Last summer Eli Kintisch, who writes for a number of scientific publications came up and spent a few days in Barrow.  He managed to spend a day at Walakpa, although his schedule meant he couldn’t be there for the whole thing.  He’s been working on it since, and I think the result is pretty engaging.  The resulting article was just published by Hakai Magazine here and simultaneously by the Smithsonian website here.  Hakai focuses on coastal issues and just recently published an article on Tom Dawson and SCAPE’s work in Scotland dealing with similar problems (minus the permafrost thawing and sea ice retreat).

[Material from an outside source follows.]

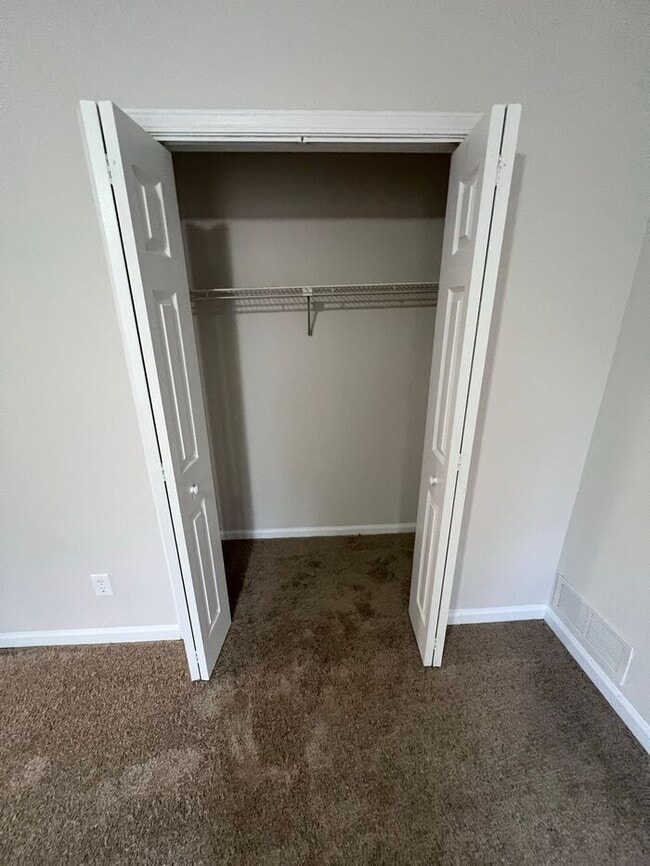 Building Photo - Available now!!! 2 Story townhome across from Briscoe Park!!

It’s a big problem, and one that will take a considerable input of human and financial resources to deal with.  We’ve only got a few decades (less in many cases) before all the cultural heritage and paleoenvironmental information in these sites is gone for good.

2015-07-28 16.42.32-3
Tests in a midden at Walakpa.  A new date shows it is Late Western Thule, between 300-500 years old.
2015-07-30 12.43.15-2
Column sample at Walakpa, Summer 2015.

A busy autumn

When I last posted I had just left for a trip to two conferences in Europe.  Since then, I’ve been in 4 countries, given two papers (at EAA 2015 in Glasgow and CHAGS 11 in Vienna), submitted an organized SAA session for next spring, come home, gone to Fairbanks for shotgun qualification, come back home, had two of the WALRUS project participants up here to cut samples from the bones that the interns have been finding in the collections, written part of two reports, drafted two abstracts for a meeting in November, and started on a proposal for an edited volume dealing with climate change & archaeology.  I haven’t managed to post at all.

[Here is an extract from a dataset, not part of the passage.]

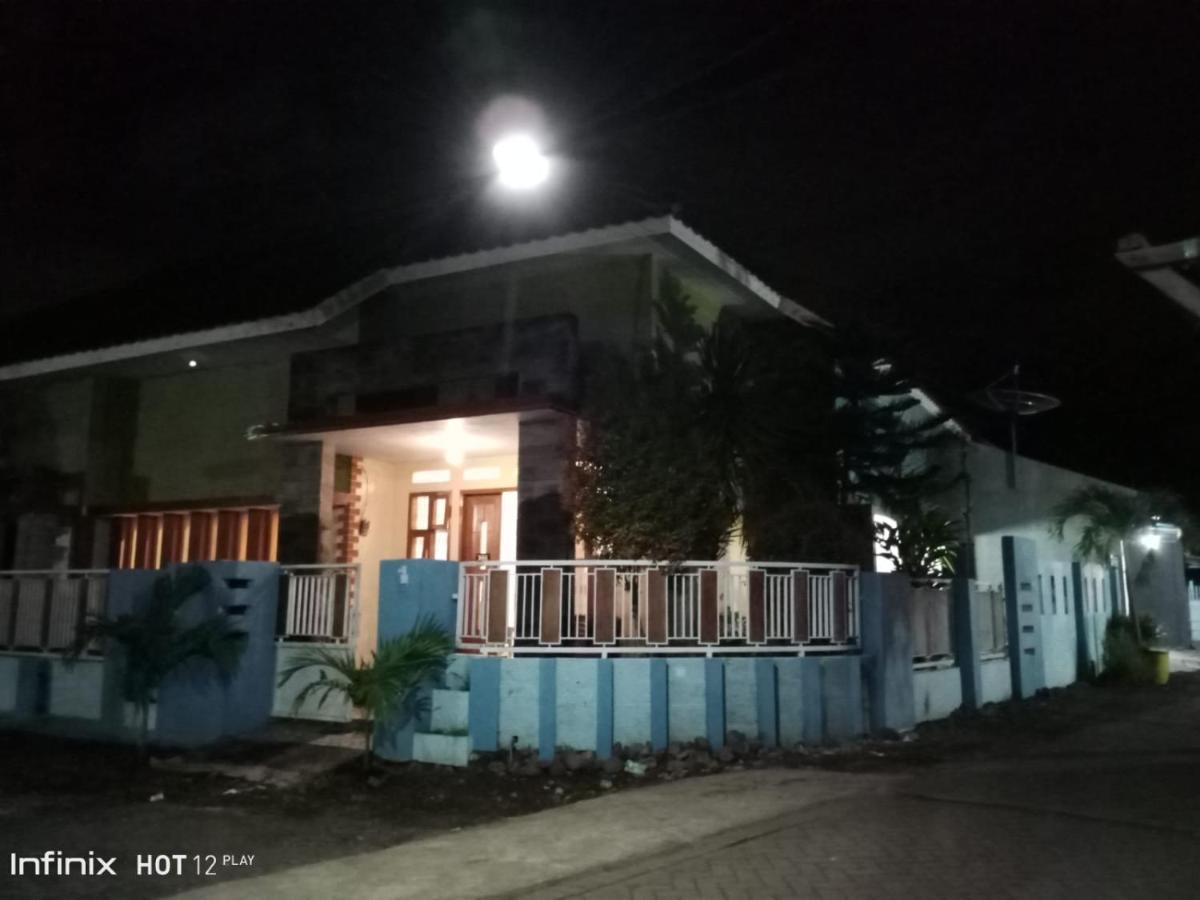 999 Khs 2 Homestay Gilimanuk Kültér fotó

Last week was a tough week for Barrow in many ways, with the deaths of several community members, including long-time mayor Nate Olemaun Jr..  On a brighter note, Barrow took three whales on Friday, and another three today.

Videos, and reports of more erosion

I managed to get a couple of videos of the evaluation of things exposed by erosion at Ukkuqsi on Thursday uploaded to YouTube.  You can see them here,  and here.

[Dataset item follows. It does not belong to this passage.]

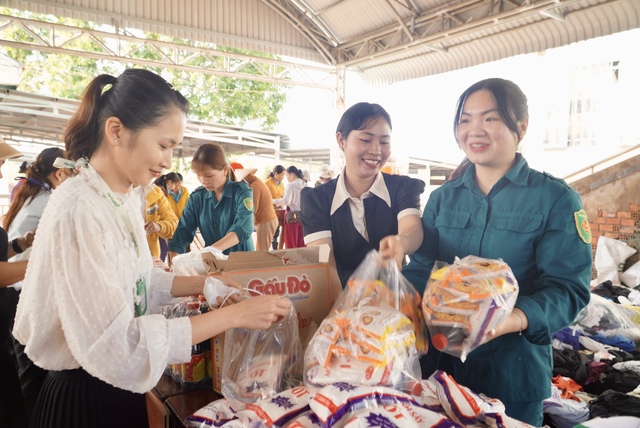 Báo Người Lao Động trao tặng cờ Tổ quốc, học bổng cho học sinh thiểu số ở Bình Phước- Ảnh 5.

Unfortunately, the erosion continued, and additional items were exposed after I left for a trip to two conferences in Europe, possibly including human remains (this is the site where the little frozen girl was found in 1994).  The North Slope Borough is taking care of the situation at the moment.

Things have eroded out elsewhere in the Barrow area as well.  At one point I was on the phone with someone from the North Slope Borough about one site, when someone else called about something found at another location entirely.  And I now have a voicemail about yet another location!

Yet More Erosion

There is a very large storm, with winds up to 50 mph and big waves from the west battering the Chukchi coastline from Barrow south.  It has created a major storm surge, with big waves and coastal erosion.  An emergency has been declared in Barrow due to flooding and road damage.

I flew back from Wainwright yesterday evening, and even through the storm was just building, the waves were already hitting Walakpa.  I couldn’t get pictures but it did not look good.

Today was much worse.  Late this afternoon, I got a series of calls about something washing out at Ukkuqsi, where the little frozen girl Aġnaiyaaq was found.  Aqamak Okpik from IHLC got things organized, with Morrie Lemen coming out to NARL in a bigger truck than mine to take me in to take a look.  The North Slope Borough Fire Department came over, and two firefighters suited up and tied a rope onto me so I could go down and take a look.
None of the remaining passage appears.